A humanidade cabe numa bandeira, hasteada em Lisboa com uma voz global

Desafiada pela galeria ZDB (Zé dos Bois) a criar uma bandeira para o projecto “Four Flags Lisboa”, desenvolvido a partir de uma iniciativa lançada em Amesterdão, a escritora e artista Gisela Casimiro hasteou um mundo 100% humano, com 0% de discriminação.

100% Humana. Feita na Natureza.

Só o discurso interseccional é permitido. Nada de Racismo. Nada de Discriminação. Mantenha-se afastado do ódio. Não romantize o colonialismo. Celebre o orgulho, cores escuras e claras juntas. Dê as boas-vindas aos refugiados.
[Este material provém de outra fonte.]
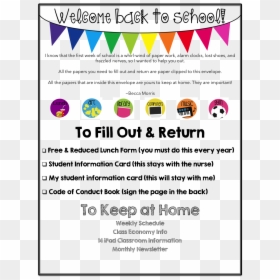 First Day Of School Letter Home To Parents - Back To School Letter Template Free, HD Png Download - welcome home png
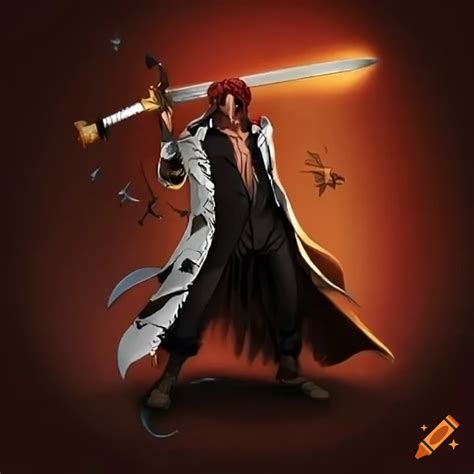 Cosplay of shanks with his sword on Craiyon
Nenhuma minoria foi prejudicada para produzir esta bandeira.

(Tradução do texto apresentado na bandeira)

Texto por Paula Cardoso
Foto de Pedro Besugo

Este é um mundo em que o actor Bruno Candé não é barbaramente assassinado sob uma rajada de insultos racistas. Também é um mundo em que uma criança não é exibida como uma espécie exótica numa sórdida acção de propaganda política.

Este é um mundo em que a estudante Beatriz Lebre escolhe a vida amorosa que bem entende, sem enfrentar uma sentença de morte. Também é um mundo em que milhões de imigrantes não precisam de arriscar a vida em travessias, porque as pessoas valem mais do que as fronteiras.

Este é um mundo em que o casal César Silveira e Matheus Valeri Antunes não é executado por viver o seu amor. Também é um mundo em que o discurso de ódio não é normalizado como expressão da liberdade de opinião.

Este é um mundo que ainda só existe numa bandeira, criada pela escritora e artista Gisela Casimiro para o “Four Flags Lisboa”, projecto desenvolvido pela ZDB (Zé dos Bois), a partir da iniciativa holandesa “Four Flags”.

A ideia surgiu quando Julia Mullié e Nick Terra estavam “a aproveitar o sol no parapeito da janela de casa”, em Amesterdão, e repararam “nos porta-bandeiras na fachada do prédio onde residem”, indica a ZDB, na apresentação lisboeta.

“O Four Flags Lisboa nasceu desta proposta inicial, e é uma parceria entre a Taffimai e a Galeria Zé dos Bois”, lê-se ainda na descrição do projecto, inaugurado a 7 de Julho para durar até 7 de Outubro.

“Cada bandeira projectada será exibida durante um período de três meses na fachada do edifício” da ZDB, conclui a galeria, que desafiou 36 artistas a integrarem a iniciativa.

Além de Portugal, o Brasil (São Paulo), a Bélgica, os EUA (Chicago) e a Colômbia (Bogotá) aderiram ao movimento, que pode ser acompanhado no Instagram.

Algodão Revisitado, com passagem por Kanye West

Desde a passada sexta-feira hasteada, a criação de Gisela Casimiro, com curadoria de Natxo Checa e Luiza Teixeira de Freitas, apresenta-nos “O” mundo que todos deveríamos assumir o compromisso de fundar: 100% humano, com 0% discriminação.

Baptizada de “Cotton Revisited” (“Algodão Revisitado”), a bandeira, explica a artista, alude ao significado do algodão na História negra, e também à música “New Slaves” (“Novos Escravos”) de Kanye West.

Começa assim: “My momma was raised in an era when/ Clean water was only served to the fairer skin/ Doing clothes you would have thought I had help/ But they wasn’t satisfied unless I picked the cotton myself” (“A Minha mãe foi criada numa época em que
água limpa só era servida para a pele mais clara/ Ao confeccionar roupas seria de esperar que recebesse ajuda/ Mas eles não ficavam satisfeitos enquanto não fosse eu mesmo a apanhar o algodão”).

A par do legado algodoeiro, Gisela encontrou inspiração na diferenciação das etiquetas têxteis da marca de roupa japonesa UNIQLO – por vezes impressas em fundo negro, em vez do clássico branco, e abundantes em palavras.

O resultado, que pode ser adquirido à ZDB, lê-se em inglês, à medida de uma intervenção global, 100% alinhada com o compromisso activista da escritora. Do tamanho da humanidade.